◆ **Extracted data**:
-*-
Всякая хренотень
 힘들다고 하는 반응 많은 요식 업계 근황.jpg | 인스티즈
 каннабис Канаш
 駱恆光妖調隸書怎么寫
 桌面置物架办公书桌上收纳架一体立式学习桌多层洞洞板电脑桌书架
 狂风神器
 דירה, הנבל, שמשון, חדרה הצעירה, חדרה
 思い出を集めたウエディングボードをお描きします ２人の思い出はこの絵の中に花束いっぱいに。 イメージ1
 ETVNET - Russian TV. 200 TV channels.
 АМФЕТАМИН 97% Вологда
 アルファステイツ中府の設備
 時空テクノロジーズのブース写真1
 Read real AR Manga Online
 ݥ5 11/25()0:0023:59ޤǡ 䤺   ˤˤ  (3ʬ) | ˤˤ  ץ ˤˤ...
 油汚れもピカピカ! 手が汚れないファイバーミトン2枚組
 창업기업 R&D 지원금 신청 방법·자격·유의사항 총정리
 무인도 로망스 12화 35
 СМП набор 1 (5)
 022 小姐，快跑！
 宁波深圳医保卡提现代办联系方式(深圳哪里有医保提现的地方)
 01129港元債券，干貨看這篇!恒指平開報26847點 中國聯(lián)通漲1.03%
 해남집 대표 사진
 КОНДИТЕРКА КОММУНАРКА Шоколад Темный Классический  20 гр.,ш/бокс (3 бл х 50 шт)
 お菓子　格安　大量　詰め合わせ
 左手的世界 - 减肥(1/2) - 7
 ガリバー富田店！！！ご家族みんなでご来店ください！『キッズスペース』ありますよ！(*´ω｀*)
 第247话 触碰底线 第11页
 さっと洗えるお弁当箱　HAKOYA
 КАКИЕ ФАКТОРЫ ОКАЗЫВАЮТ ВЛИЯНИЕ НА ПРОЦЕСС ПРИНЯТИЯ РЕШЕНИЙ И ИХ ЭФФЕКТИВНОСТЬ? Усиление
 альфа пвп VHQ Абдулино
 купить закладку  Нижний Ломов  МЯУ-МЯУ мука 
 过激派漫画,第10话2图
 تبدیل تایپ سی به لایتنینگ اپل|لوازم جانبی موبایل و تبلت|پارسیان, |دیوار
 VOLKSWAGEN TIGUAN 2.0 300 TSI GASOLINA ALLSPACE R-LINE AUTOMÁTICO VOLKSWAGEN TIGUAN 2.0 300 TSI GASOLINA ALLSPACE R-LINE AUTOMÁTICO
-*-
◆ **Exercise directions**: Repeat, word for word, the lines above between the line holding "時空テクノロジーズのブース写真1" and the line holding "ガリバー富田店！！！ご家族み", inclusive; omit everything else.

◆ **Finished exercise**:
 時空テクノロジーズのブース写真1
 Read real AR Manga Online
 ݥ5 11/25()0:0023:59ޤǡ 䤺   ˤˤ  (3ʬ) | ˤˤ  ץ ˤˤ...
 油汚れもピカピカ! 手が汚れないファイバーミトン2枚組
 창업기업 R&D 지원금 신청 방법·자격·유의사항 총정리
 무인도 로망스 12화 35
 СМП набор 1 (5)
 022 小姐，快跑！
 宁波深圳医保卡提现代办联系方式(深圳哪里有医保提现的地方)
 01129港元債券，干貨看這篇!恒指平開報26847點 中國聯(lián)通漲1.03%
 해남집 대표 사진
 КОНДИТЕРКА КОММУНАРКА Шоколад Темный Классический  20 гр.,ш/бокс (3 бл х 50 шт)
 お菓子　格安　大量　詰め合わせ
 左手的世界 - 减肥(1/2) - 7
 ガリバー富田店！！！ご家族みんなでご来店ください！『キッズスペース』ありますよ！(*´ω｀*)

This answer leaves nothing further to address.